How to complete this task
Omit the pictures and output every entry below exactly as written.

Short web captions
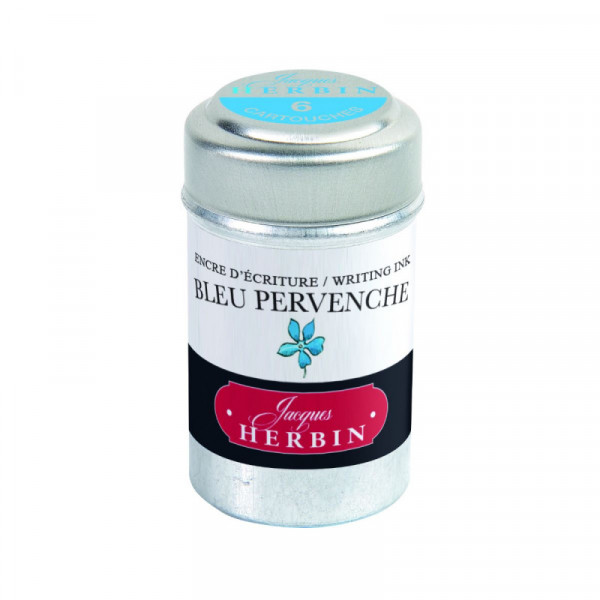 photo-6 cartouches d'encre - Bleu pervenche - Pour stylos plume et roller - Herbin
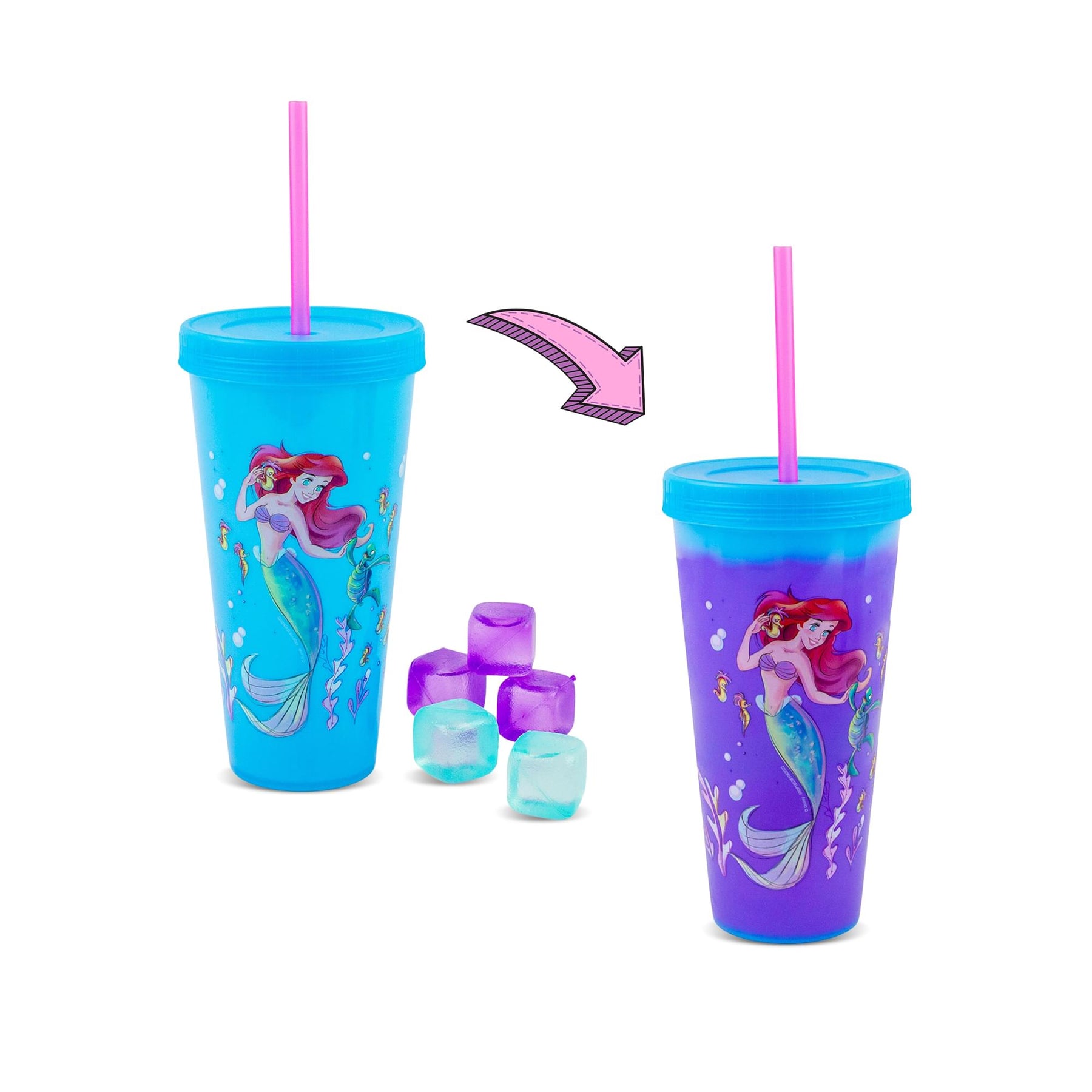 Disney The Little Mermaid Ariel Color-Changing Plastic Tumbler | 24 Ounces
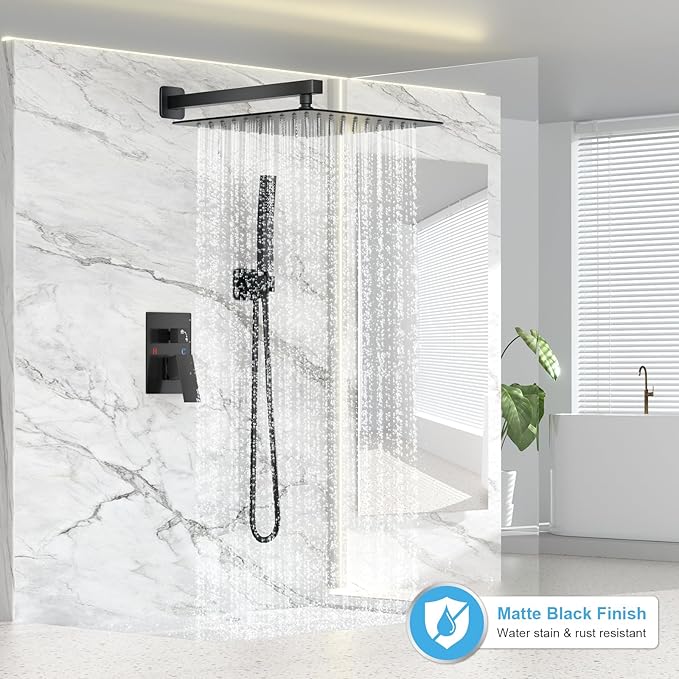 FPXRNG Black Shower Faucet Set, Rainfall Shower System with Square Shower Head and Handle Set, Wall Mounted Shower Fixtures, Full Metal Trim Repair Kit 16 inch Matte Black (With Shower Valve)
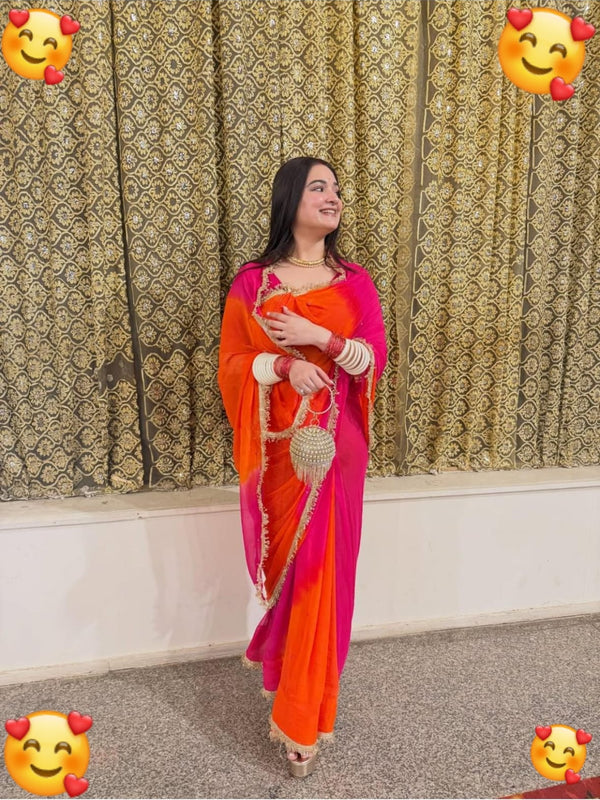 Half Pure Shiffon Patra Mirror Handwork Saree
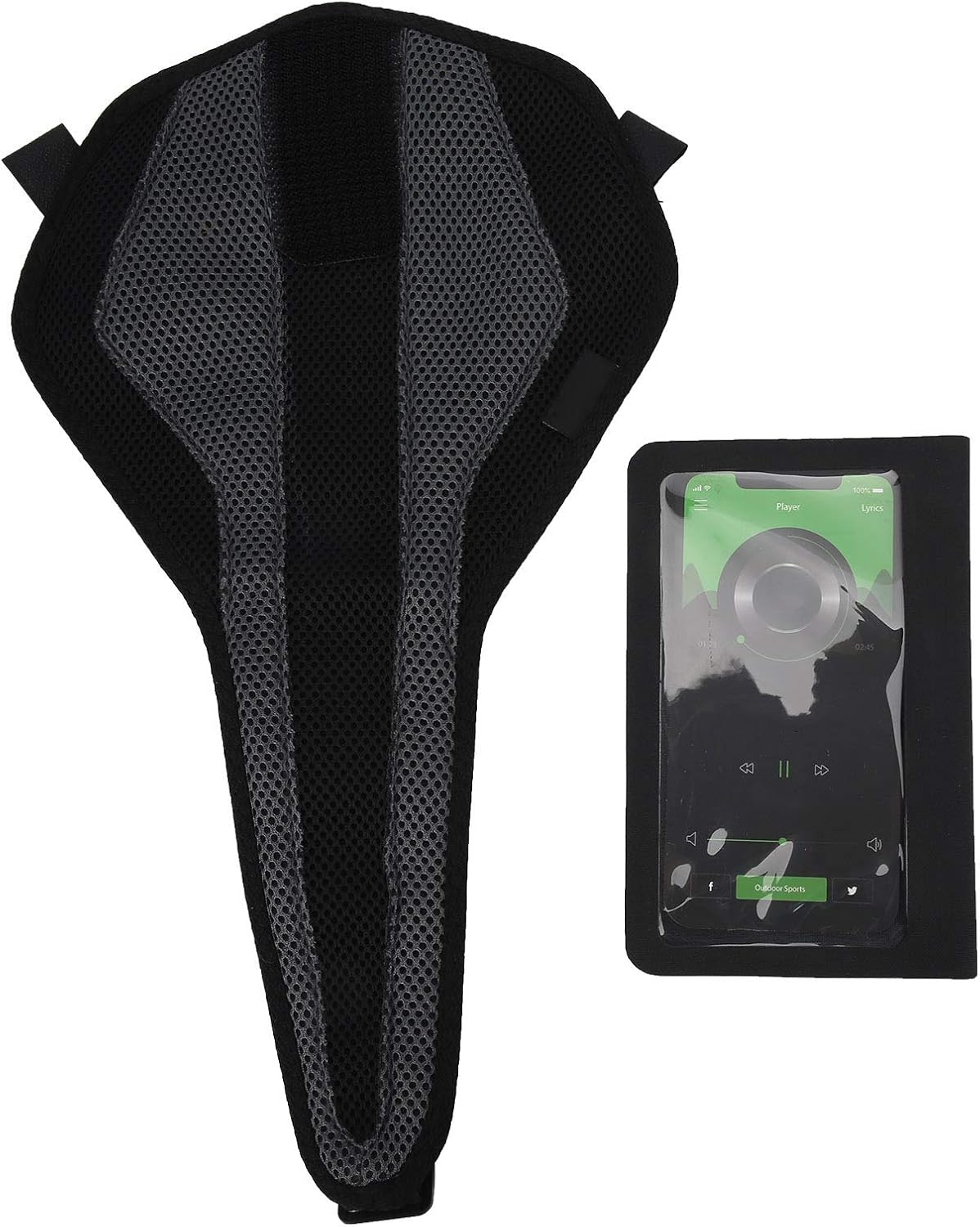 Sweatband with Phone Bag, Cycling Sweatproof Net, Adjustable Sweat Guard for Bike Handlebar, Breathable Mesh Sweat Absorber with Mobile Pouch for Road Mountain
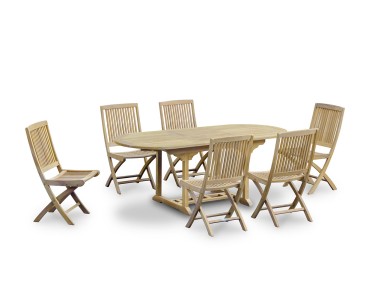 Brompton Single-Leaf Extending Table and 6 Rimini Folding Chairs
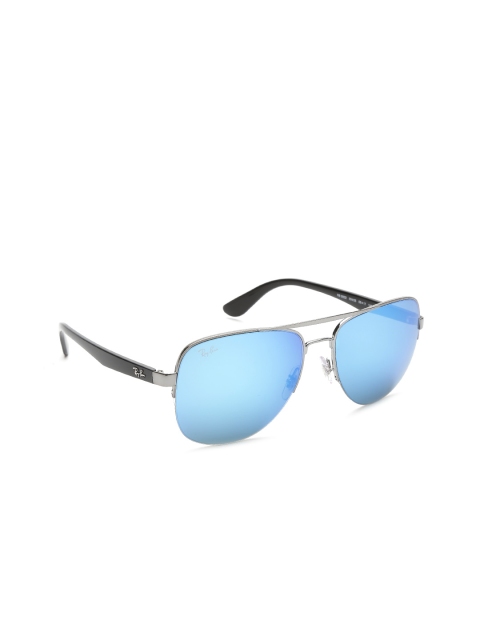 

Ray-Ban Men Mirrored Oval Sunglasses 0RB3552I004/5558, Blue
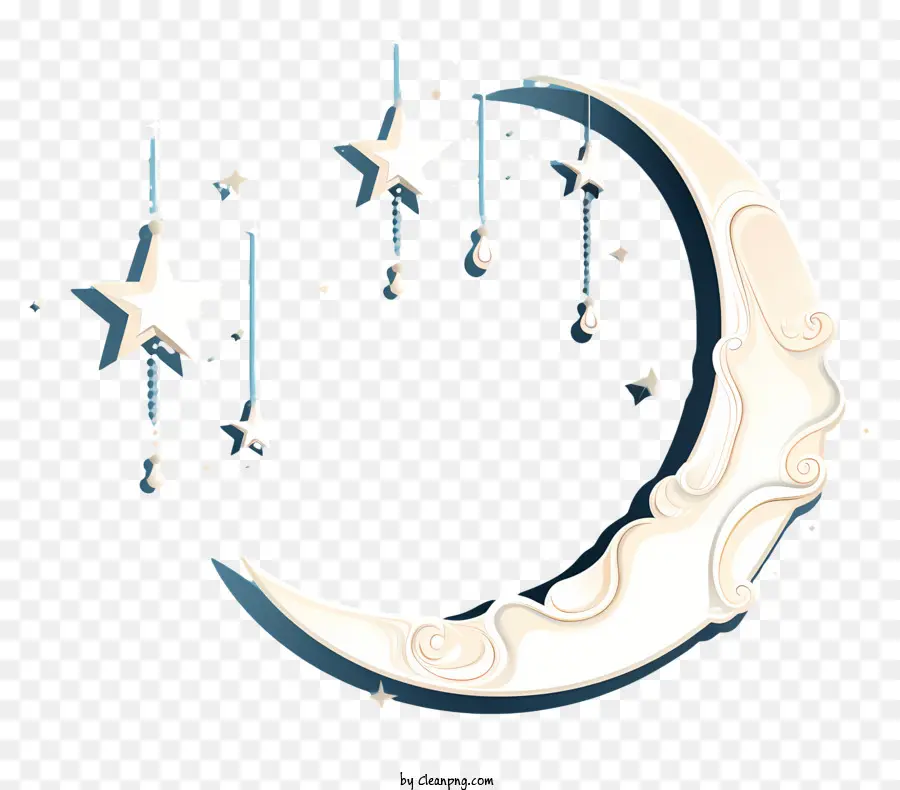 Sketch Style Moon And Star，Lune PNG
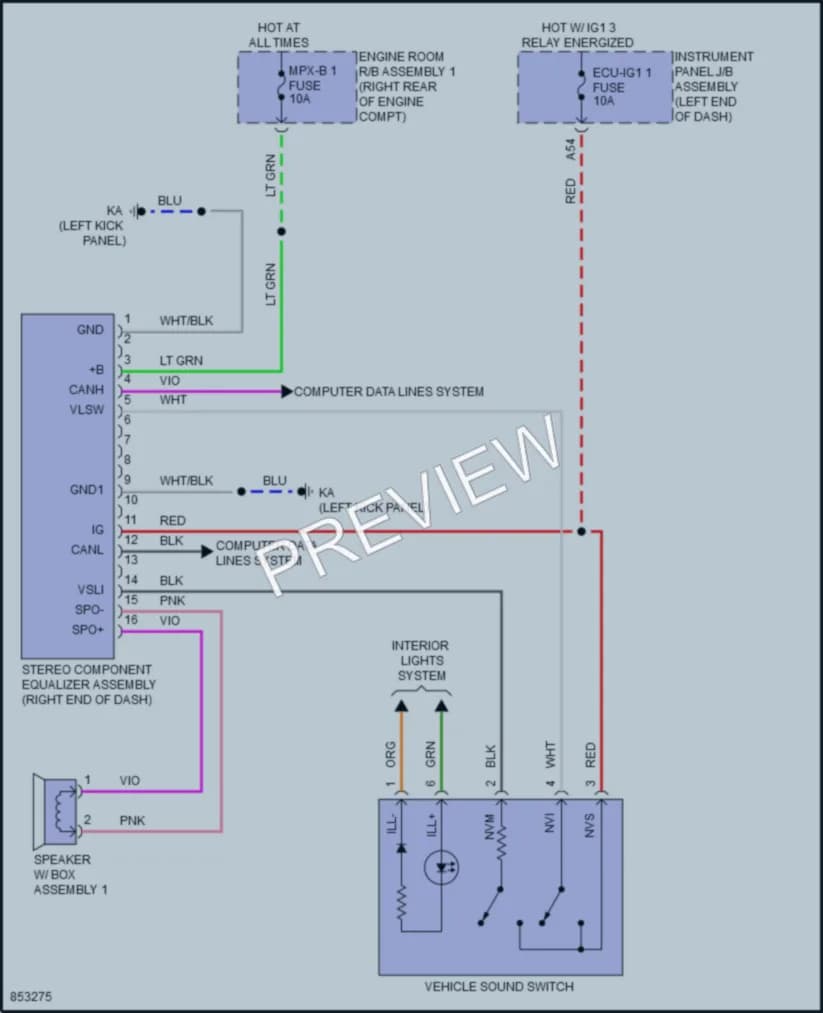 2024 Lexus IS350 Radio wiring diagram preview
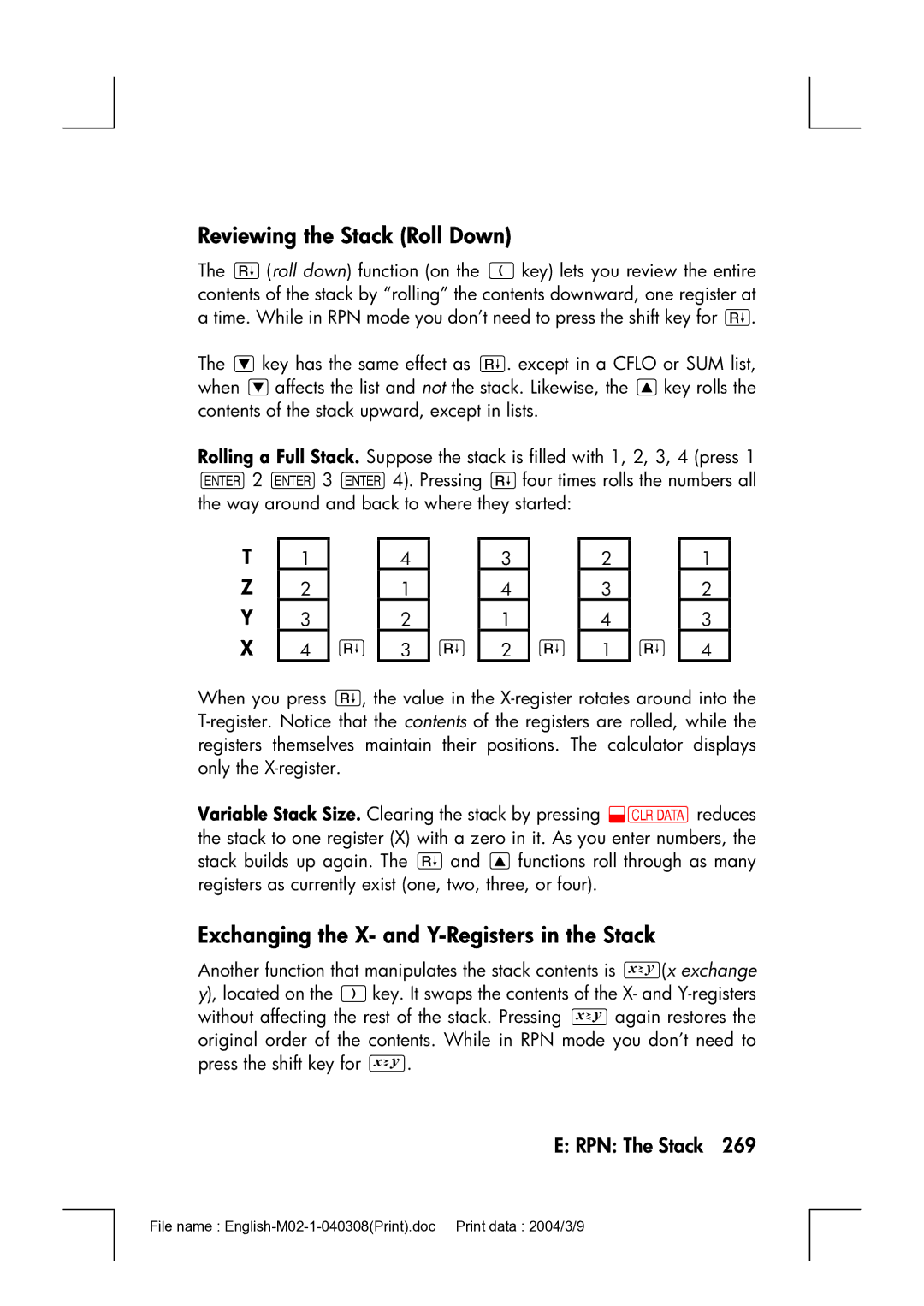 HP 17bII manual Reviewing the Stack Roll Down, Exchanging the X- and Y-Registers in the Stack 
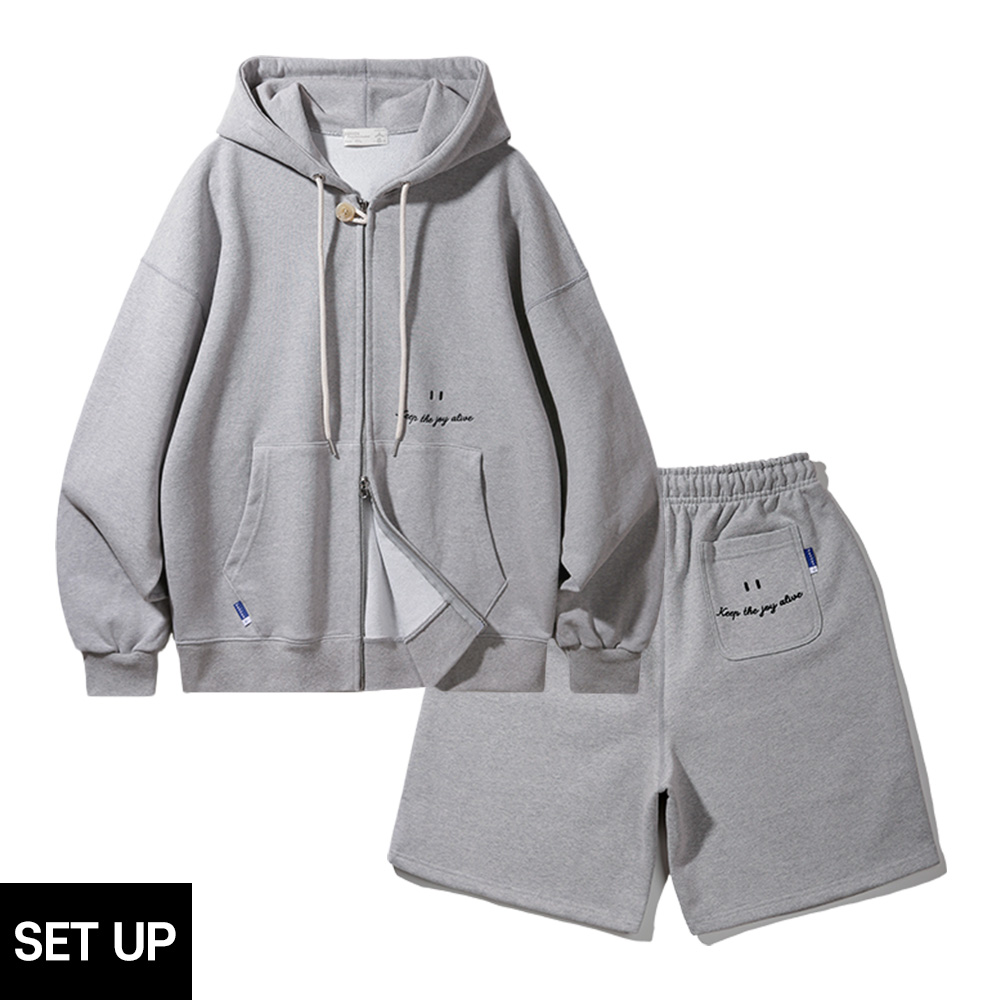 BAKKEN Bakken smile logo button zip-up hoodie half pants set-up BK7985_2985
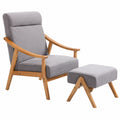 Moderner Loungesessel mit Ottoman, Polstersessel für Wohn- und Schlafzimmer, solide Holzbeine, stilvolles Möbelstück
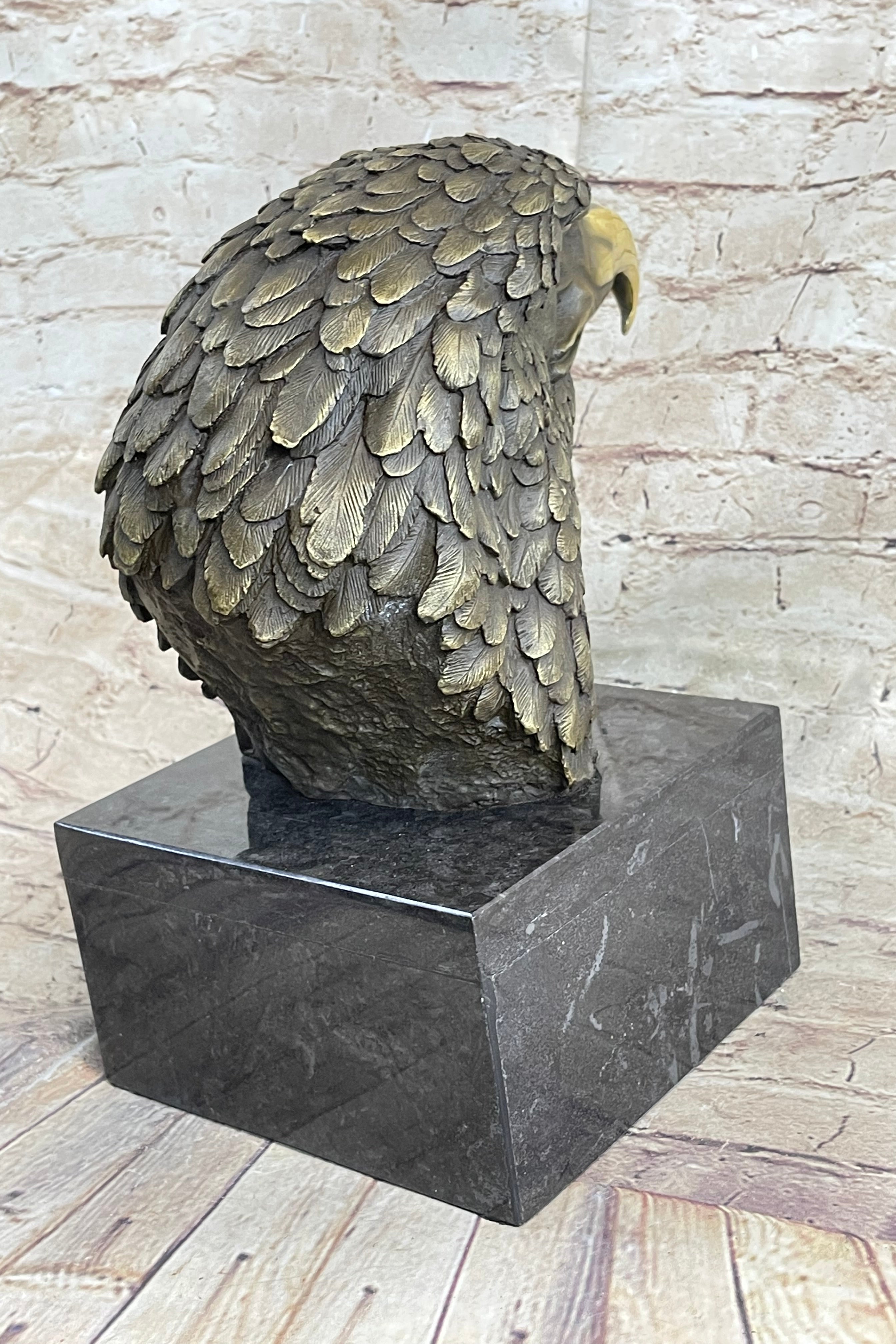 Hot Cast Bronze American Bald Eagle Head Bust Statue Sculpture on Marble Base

Response to the exercise
 photo-6 cartouches d'encre - Bleu pervenche - Pour stylos plume et roller - Herbin
 Disney The Little Mermaid Ariel Color-Changing Plastic Tumbler | 24 Ounces
 FPXRNG Black Shower Faucet Set, Rainfall Shower System with Square Shower Head and Handle Set, Wall Mounted Shower Fixtures, Full Metal Trim Repair Kit 16 inch Matte Black (With Shower Valve)
 Half Pure Shiffon Patra Mirror Handwork Saree
 Sweatband with Phone Bag, Cycling Sweatproof Net, Adjustable Sweat Guard for Bike Handlebar, Breathable Mesh Sweat Absorber with Mobile Pouch for Road Mountain
 Brompton Single-Leaf Extending Table and 6 Rimini Folding Chairs

Ray-Ban Men Mirrored Oval Sunglasses 0RB3552I004/5558, Blue
 Sketch Style Moon And Star，Lune PNG
 2024 Lexus IS350 Radio wiring diagram preview
 HP 17bII manual Reviewing the Stack Roll Down, Exchanging the X- and Y-Registers in the Stack 
 BAKKEN Bakken smile logo button zip-up hoodie half pants set-up BK7985_2985
 Moderner Loungesessel mit Ottoman, Polstersessel für Wohn- und Schlafzimmer, solide Holzbeine, stilvolles Möbelstück
 Hot Cast Bronze American Bald Eagle Head Bust Statue Sculpture on Marble Base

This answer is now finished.